Enam kerancuan adalah kelembagaan Mahkamah Parpol(MP), kewajiban
parpol memiliki MP, legalitas hakim MP, Sifat Putusan MP, upaya hukum
atas Putusan MP, dan kewenangan MP adili perkara pidana.
"Terkait kelembagaan MP adalah keputusan MP tidak final dan
mengikat, karena pihak berperkara masih bisa mengadu ke pengadilan,
sedangkan kewajiban parpol memiliki MP masih disebutkan MP atau sebutan
lain, sehingga rawan konflik akibat multitafsir," katanya.
Sementara itu, legalitas hakim MP dalam UU itu hanya disahkan oleh
menteri, sehingga keputusan hakim MP bisa dianggap tidak sah, karena itu
seharusnya disahkan Presiden atau MenkumHAM.
"Untuk sifat putusan MP juga harus mengikat, final, dan tidak bisa
dibawa ke pengadilan umum.
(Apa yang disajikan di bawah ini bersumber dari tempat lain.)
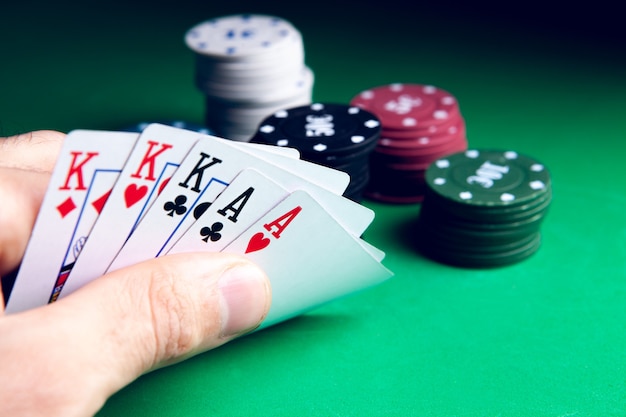 Cartes de gros plan pour jouer au poker sur une table de jeu dans un casino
Tidak hanya itu, upaya hukum atas putusan MP
itu justru kontradiktif, karena putusan MP seharusnya final dan
mengikat," katanya.
Satu lagi, kewenangan MP mengadili perkara pidana juga rancu,
karena MP tidak memiliki jaksa penuntut umum dan penjara, sehingga MP
seharusnya menyerahkan perkara pidana kepada polisi, jaksa, dan
pengadilan.
"Karena itu, saya mengusulkan UU 2/2011 itu direvisi. Mahkamah
Parpol memang bisa menjadi peradilan khusus internal parpol, tapi
kewenangan harus diatur yakni putusan final dan mengikat, tidak boleh
ada upaya hukum lagi, legalitas hakim oleh Presiden atau MenkumHAM, dan
hanya menangani perdata dan administrasi," katanya.
Dalam sambutannya, promotor Ujian Terbuka untuk promovendus, Prof
Dr Tatiek Sri Djatmiati SH MS, menilai keberhasilan Dr M Anwar Rachman
meraih predikat doktor hendaknya didedikasikan untuk mengawal demokrasi
di Indonesia.
"Parpol merupakan instrumen penting dalam negara demokrasi, karena
itu keberhasilan Saudara Anwar Rachman sebagai doktor ke-275 di FH Unair
hendaknya mendorong peradilan parpol yang inovatif, singkat, dan
demokratis untuk kebaikan bersama," katanya. (*)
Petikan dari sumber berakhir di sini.